Statement I vector $(a+b+c)$ is equally inclined to $a,b$ and $c$.
Statement II If $\alpha ,\beta$ and $\gamma$ are the angles at which $(a+b+c)$ is inclined to $a,b$ and $c$, then $\alpha =\beta =\gamma$.

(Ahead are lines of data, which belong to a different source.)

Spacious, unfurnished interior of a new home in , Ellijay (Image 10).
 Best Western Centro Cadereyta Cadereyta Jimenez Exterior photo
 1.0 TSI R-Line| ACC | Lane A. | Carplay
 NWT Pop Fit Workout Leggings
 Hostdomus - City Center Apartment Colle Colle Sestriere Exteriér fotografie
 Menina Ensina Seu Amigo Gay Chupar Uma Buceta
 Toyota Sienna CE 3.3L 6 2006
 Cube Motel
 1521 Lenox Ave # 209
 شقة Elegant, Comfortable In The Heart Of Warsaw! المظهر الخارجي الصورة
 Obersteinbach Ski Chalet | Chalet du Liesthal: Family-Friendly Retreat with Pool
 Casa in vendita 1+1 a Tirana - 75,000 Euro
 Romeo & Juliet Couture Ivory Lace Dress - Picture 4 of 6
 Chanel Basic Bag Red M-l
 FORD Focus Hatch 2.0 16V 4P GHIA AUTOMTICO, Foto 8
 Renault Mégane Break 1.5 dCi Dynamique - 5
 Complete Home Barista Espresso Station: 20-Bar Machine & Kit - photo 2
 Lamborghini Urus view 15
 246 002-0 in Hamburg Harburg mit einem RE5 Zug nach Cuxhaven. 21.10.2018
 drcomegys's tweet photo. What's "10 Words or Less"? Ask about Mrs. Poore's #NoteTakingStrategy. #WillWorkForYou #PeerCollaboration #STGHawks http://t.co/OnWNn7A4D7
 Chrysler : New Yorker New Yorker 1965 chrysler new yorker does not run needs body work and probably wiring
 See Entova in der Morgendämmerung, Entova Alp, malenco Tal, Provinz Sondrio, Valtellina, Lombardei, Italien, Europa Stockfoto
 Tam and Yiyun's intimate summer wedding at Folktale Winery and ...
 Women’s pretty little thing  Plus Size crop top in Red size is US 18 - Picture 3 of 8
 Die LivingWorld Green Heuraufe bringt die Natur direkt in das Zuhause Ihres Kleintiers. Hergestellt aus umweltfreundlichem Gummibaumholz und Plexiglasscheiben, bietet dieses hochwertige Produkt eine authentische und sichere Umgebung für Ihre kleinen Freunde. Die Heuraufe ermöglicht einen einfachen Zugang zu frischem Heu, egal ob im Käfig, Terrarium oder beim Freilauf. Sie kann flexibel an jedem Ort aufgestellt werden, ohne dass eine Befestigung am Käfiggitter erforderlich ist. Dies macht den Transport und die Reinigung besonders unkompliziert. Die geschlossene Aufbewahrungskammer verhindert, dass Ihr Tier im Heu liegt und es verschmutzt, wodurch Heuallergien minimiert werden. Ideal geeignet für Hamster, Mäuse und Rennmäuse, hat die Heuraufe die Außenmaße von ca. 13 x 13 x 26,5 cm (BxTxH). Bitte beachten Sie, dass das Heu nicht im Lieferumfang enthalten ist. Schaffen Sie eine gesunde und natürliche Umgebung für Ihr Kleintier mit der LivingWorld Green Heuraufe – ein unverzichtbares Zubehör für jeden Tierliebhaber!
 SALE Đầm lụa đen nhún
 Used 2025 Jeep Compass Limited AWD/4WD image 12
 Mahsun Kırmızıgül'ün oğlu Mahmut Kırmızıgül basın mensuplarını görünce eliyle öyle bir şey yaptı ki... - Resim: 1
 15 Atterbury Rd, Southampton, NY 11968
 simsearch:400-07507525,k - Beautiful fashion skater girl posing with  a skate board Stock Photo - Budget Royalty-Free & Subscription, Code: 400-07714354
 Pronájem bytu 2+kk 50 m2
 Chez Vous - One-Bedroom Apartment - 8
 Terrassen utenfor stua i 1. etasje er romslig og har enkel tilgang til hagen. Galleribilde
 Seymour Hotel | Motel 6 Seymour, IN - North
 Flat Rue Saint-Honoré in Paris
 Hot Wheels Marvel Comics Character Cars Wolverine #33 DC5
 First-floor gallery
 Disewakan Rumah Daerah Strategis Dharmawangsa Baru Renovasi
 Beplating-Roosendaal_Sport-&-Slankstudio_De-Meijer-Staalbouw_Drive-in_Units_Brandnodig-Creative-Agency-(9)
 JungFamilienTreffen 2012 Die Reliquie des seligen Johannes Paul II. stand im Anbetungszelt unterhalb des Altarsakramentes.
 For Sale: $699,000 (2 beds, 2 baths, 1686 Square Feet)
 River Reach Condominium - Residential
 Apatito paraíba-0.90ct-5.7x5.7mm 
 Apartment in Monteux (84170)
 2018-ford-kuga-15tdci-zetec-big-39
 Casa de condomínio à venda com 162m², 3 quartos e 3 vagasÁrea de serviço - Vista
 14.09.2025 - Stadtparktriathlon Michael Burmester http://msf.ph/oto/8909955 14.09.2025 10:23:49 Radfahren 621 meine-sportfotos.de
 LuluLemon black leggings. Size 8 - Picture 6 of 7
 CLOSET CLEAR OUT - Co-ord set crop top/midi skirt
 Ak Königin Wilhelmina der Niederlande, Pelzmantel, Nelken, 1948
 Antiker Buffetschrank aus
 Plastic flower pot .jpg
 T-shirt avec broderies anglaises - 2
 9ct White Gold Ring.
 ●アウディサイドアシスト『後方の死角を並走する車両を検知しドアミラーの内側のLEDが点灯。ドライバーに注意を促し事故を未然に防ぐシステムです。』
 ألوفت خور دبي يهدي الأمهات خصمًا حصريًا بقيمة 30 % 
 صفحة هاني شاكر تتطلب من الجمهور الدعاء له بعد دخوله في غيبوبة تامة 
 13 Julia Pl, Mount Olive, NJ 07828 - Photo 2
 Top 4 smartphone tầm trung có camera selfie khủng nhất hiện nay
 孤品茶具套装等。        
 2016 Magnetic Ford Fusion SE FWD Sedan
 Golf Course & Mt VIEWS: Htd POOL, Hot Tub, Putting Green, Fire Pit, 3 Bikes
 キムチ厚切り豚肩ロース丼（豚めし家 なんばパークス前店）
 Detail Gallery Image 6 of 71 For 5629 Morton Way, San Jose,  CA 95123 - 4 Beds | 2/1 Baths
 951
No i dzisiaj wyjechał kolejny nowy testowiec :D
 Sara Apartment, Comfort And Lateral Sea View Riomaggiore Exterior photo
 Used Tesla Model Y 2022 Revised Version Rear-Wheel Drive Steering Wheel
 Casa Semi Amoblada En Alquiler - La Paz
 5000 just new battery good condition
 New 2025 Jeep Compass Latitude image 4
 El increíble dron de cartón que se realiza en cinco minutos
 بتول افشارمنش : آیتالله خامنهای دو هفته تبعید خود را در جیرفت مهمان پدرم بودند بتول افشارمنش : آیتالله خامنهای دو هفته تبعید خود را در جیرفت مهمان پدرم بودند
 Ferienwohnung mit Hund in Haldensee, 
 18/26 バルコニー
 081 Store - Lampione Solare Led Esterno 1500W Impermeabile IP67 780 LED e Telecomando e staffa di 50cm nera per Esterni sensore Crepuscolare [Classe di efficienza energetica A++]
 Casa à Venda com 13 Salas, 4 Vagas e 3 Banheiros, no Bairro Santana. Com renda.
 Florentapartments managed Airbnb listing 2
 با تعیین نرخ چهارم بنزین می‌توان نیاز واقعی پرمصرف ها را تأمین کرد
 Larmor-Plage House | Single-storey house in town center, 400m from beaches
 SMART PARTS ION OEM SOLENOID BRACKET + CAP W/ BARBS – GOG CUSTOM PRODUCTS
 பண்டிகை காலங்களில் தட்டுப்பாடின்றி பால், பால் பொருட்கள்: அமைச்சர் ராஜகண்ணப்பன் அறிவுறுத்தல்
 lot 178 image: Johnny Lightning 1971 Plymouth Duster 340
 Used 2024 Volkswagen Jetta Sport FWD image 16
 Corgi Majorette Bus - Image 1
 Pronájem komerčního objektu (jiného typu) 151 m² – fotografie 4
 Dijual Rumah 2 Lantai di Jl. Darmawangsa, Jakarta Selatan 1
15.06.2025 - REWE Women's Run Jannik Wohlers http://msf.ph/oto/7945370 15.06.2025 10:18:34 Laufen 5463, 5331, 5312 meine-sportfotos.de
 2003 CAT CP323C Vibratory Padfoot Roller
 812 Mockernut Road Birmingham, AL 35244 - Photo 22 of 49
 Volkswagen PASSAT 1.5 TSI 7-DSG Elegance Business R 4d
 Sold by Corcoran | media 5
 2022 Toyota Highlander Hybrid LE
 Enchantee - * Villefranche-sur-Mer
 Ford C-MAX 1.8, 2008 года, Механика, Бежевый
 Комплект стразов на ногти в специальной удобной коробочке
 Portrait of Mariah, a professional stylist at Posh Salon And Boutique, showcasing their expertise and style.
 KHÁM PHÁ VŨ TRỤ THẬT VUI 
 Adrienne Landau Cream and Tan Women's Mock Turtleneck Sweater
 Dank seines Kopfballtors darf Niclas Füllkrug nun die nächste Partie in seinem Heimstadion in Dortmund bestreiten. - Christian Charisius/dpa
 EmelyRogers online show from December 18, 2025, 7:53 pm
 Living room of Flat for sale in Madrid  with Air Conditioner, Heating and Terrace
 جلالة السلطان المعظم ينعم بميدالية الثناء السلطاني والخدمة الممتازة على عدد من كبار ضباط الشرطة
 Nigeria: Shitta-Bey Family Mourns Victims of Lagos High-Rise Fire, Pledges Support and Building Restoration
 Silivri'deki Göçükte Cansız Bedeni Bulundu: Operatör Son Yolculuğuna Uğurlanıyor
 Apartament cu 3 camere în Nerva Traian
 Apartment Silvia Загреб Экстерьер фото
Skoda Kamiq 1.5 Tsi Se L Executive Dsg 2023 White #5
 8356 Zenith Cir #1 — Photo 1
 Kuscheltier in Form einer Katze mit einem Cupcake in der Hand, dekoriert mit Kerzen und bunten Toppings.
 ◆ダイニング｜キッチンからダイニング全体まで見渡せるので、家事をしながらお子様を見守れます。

• A. Statement I is true; statement II is true; statement II is a correct explanation for statement I
• B. Statement I is true; statement II is true; statement II is not a correct explanation for statement I
• C. Statement I is true; statement II is false
• D. Statement I is false; statement II is true

Answer 1

Answer: (A)

If $a,b$ and $c$ are mutually perpendicular vectors, then $a\cdot b=b\cdot c=c\cdot a=0$
Given,
$a\cdot b=b\cdot c=c\cdot a=0$
$(\because a,b,c$ are mutually perpendicular)
It is also given that $|a|=|b|=|c|(\because$ All the vectors have same magnitude. Let vector $(a+b+c)$ be inclined to $a,b$ and $c$ at angles $\alpha ,\beta$ and $\gamma$, respectively.
Then, we have
$\cos \alpha =\frac{(a+b+c)\cdot a}{|a+b+c||a|}=\frac{a\cdot a+b\cdot a+c\cdot a}{|a+b+c||a|}$
$=\frac{a\cdot a+0+0}{|a+b+c||a|}$
$=\frac{|a{|}^2}{|a+b+c||a|}(\because a\cdot b=c\cdot b=0)$
$=\frac{|a|}{|a+b+c|}$
$\cos \beta =\frac{(a+b+c)\cdot b}{|a+b+c|\cdot |b|}=\frac{a\cdot b+b\cdot b+c\cdot b}{|a+b+c||b|}$
$=\frac{b\cdot b0+0}{|a+b+c||b|}=\frac{|b|}{|a+b+c||b|}$
$=\frac{|b|}{|a+b+c|}(a\cdot b=c\cdot b=0)$
$\cos \gamma =\frac{(a+b+c)\cdot c}{|a+b+c||c|}=\frac{a\cdot c+b\cdot c+c\cdot c}{|a+b+c||c|}$
$=\frac{c\cdot c+0+0}{|a+b+c||c|}(\because a\cdot c=b\cdot c=0)$
$=\frac{|c{|}^2}{|a+b+c|}=\frac{|c|}{|a+b+c|}$
Now, as $|a|=|b|=|c|$, therefore, $\cos \alpha =\cos \beta =\cos \gamma$
$\therefore \alpha =\beta =\gamma$
Hence, the vector $(a+b+c)$ is equally inclined to $a,b$ and $c$.